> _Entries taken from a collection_
########################################

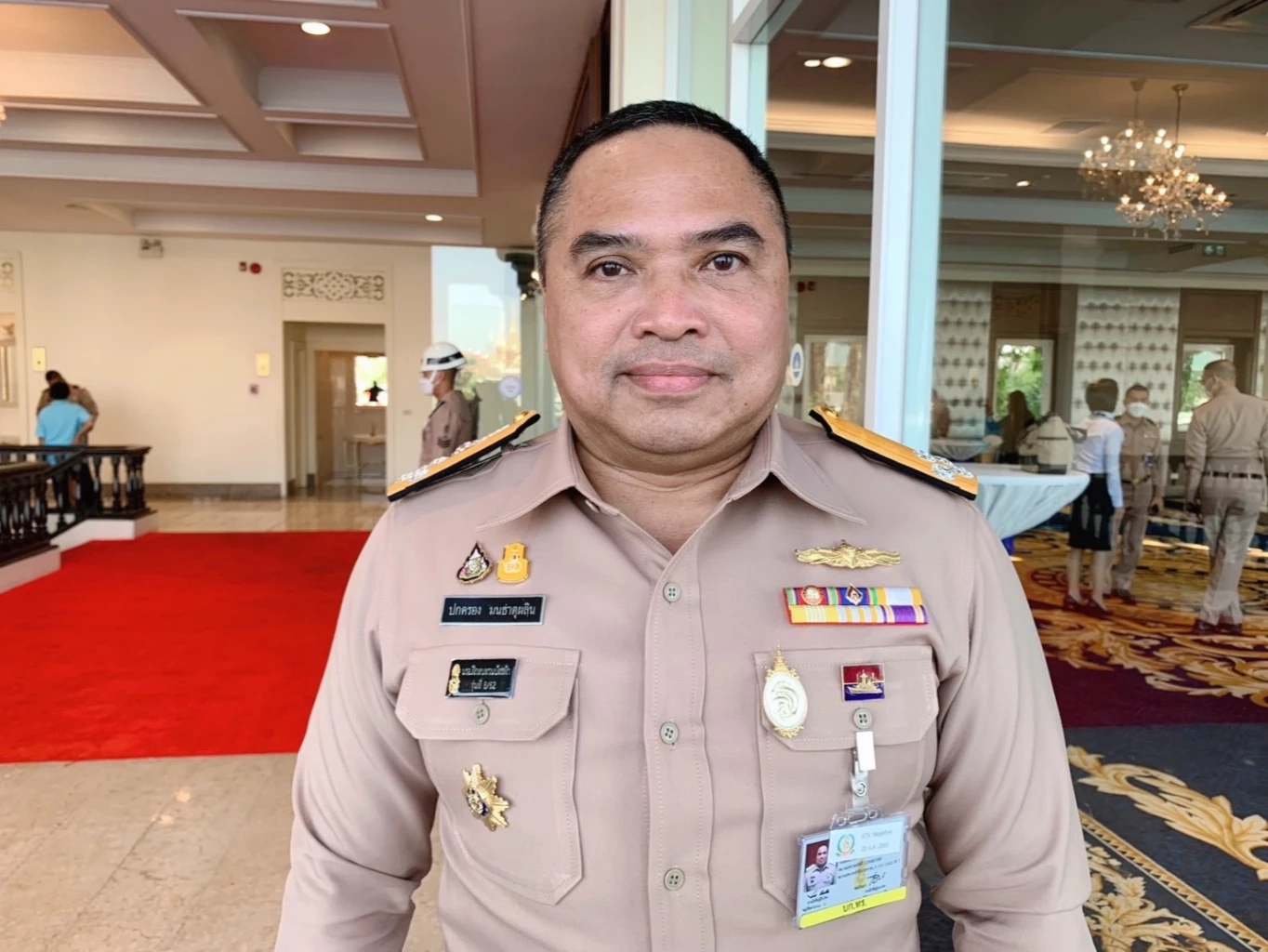  พลเรือเอก ปกครอง มนธาตุผลิน โฆษกกองทัพเรือ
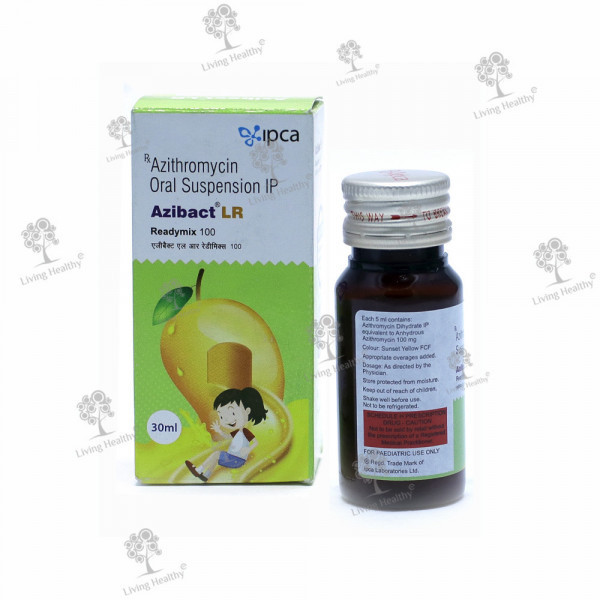 AZIBACT LR 100 MG SUSP(30 ML)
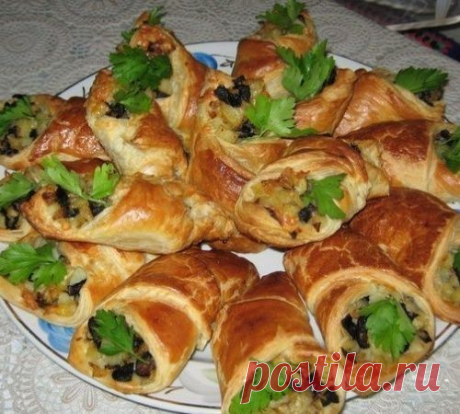 «Грибные кулечки»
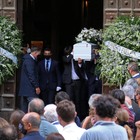 Bambino suicida a Napoli, i funerali a Santa Chiara (Newfotosud, Renato Esposito)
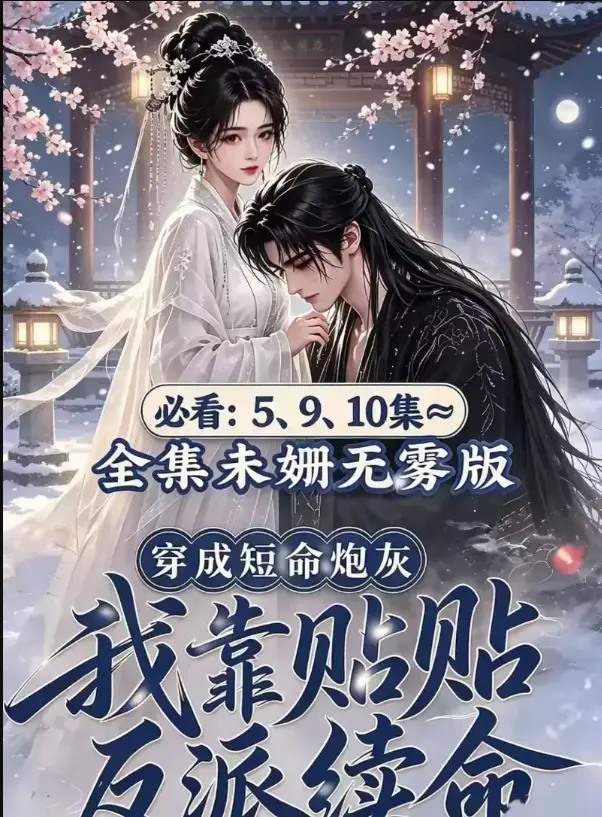 《穿成短命炮灰我靠贴贴反派续命》未删减完整版 - 古风穿书续命系统炮灰女配靠贴贴反派活命 - 4K蓝光高清修复版 - 免费在线观看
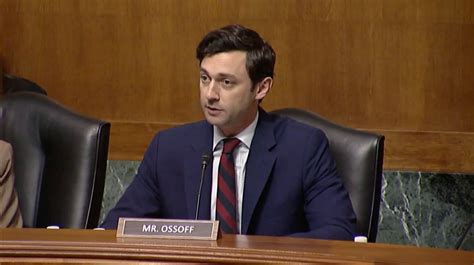 Watch Sen Ossoff Convenes First Public Hearing Amidst Ongoing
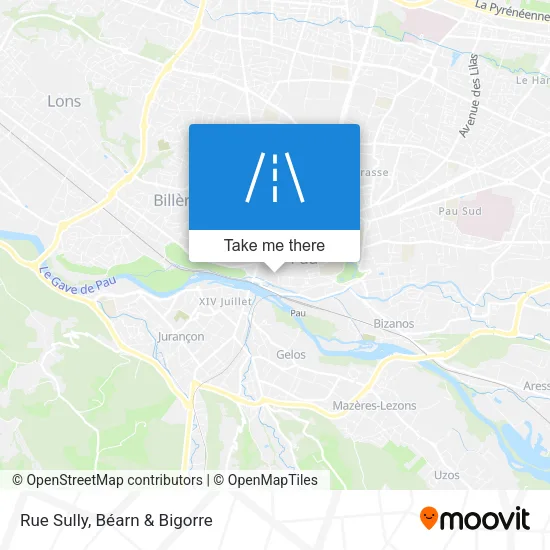 Rue Sully map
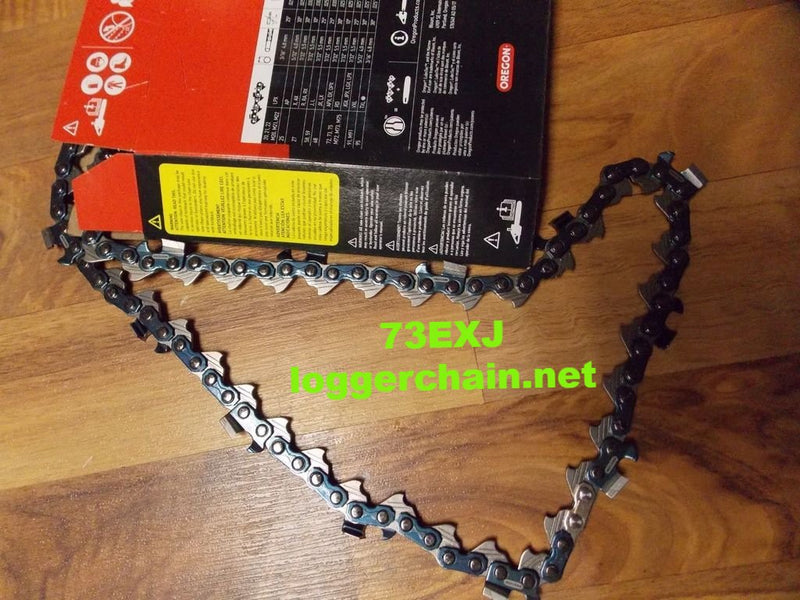73EXJ089G 3/8 pitch 058 gauge 89 drive link Full Skip Saw chain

########################################

> _Exercise description_
Verbatim, write out the line containing "AZIBACT LR 100 MG SUSP(30 ML)" and all later lines through the end of the records, leaving every picture out.

> _Exercise result_
 AZIBACT LR 100 MG SUSP(30 ML)
 «Грибные кулечки»
 Bambino suicida a Napoli, i funerali a Santa Chiara (Newfotosud, Renato Esposito)
 《穿成短命炮灰我靠贴贴反派续命》未删减完整版 - 古风穿书续命系统炮灰女配靠贴贴反派活命 - 4K蓝光高清修复版 - 免费在线观看
 Watch Sen Ossoff Convenes First Public Hearing Amidst Ongoing
 Rue Sully map
73EXJ089G 3/8 pitch 058 gauge 89 drive link Full Skip Saw chain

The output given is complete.